After completing his degree in 1992, Frimpong spent another year at the U of A as a sessional lecturer before accepting a faculty appointment at the Technical University of Nova Scotia. Now he's back in Alberta, having been named an associate professor of mining engineering effective 1 July 1996.
He brings a store of practical experience as well as his academic background. It was his experience as an underground miner —"I was amazed at the engineering feats that were involved in such a big venture"— that led Frimpong to pursue a career in mining engineering. He did undergraduate work at the University of Science and Technology in Ghana and then, following a postgraduate internship, he accepted a UNESCO scholarship to complete his master's degree at the University of Zambia. In addition to his academic credentials, he has first-hand experience of both surface and underground hard rock mining operations and offshore crude oil operations.

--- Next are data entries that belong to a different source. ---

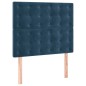 vidaXL Cama box spring con colchón terciopelo azul oscuro 80x200 cm vidaXL Cama box spring con colchón terciopelo azul oscuro 80x200 cm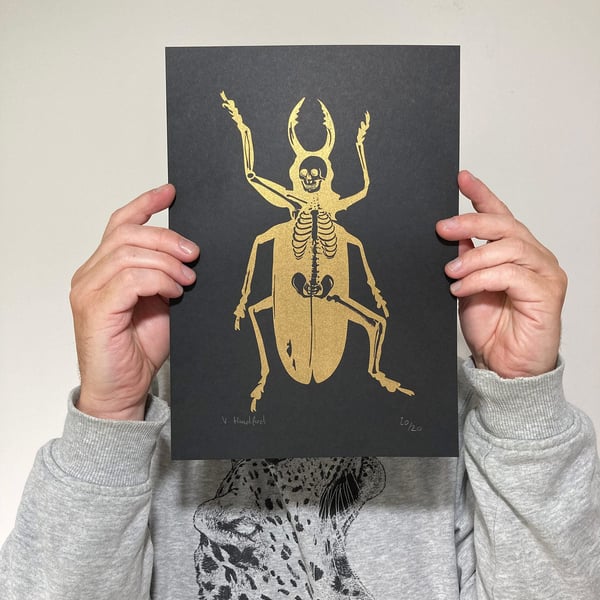 Metamorphosis Gold Screen Print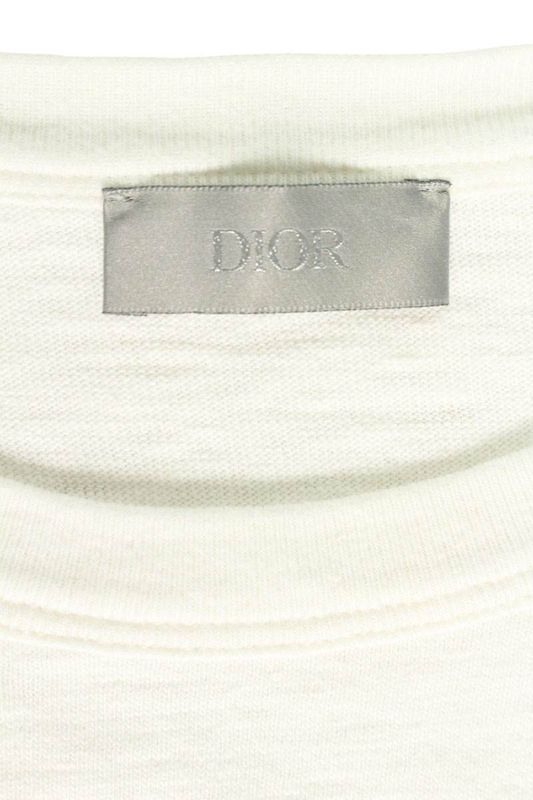 Dior 23AW 393j696a0849 Slub Cotton Jersey T-shirt Men's M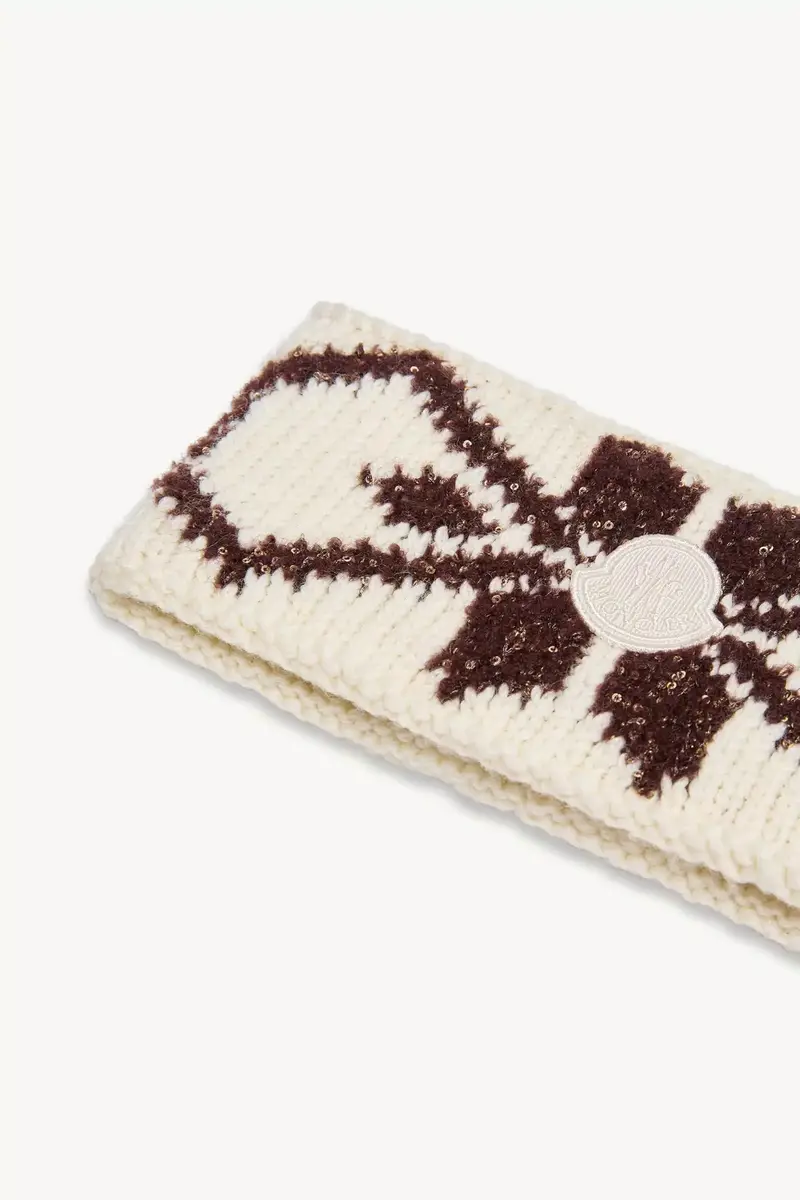 Moncler Jacquard Knit Headband | Thumbnail 4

Hands-on experience is invaluable, says the new U of A faculty member. "In any mining engineering curriculum, it is important to be able to provide students the practical experience that will help them in the classroom."
Frimpong, who specializes in mine design, mineral economics, modelling methods, and operations research, says he returned to the U of A for the same reason he first went underground: for the challenge. "I saw it as an opportunity to advance in my career and to contribute to the advancement of mining engineering."
"The University of Alberta has a strong base of industry support, thanks to the hard work of its faculty and the members of the Industry Advisory Committee," says Frimpong. "The challenge now is to build on this good work."
Published Autumn 1996.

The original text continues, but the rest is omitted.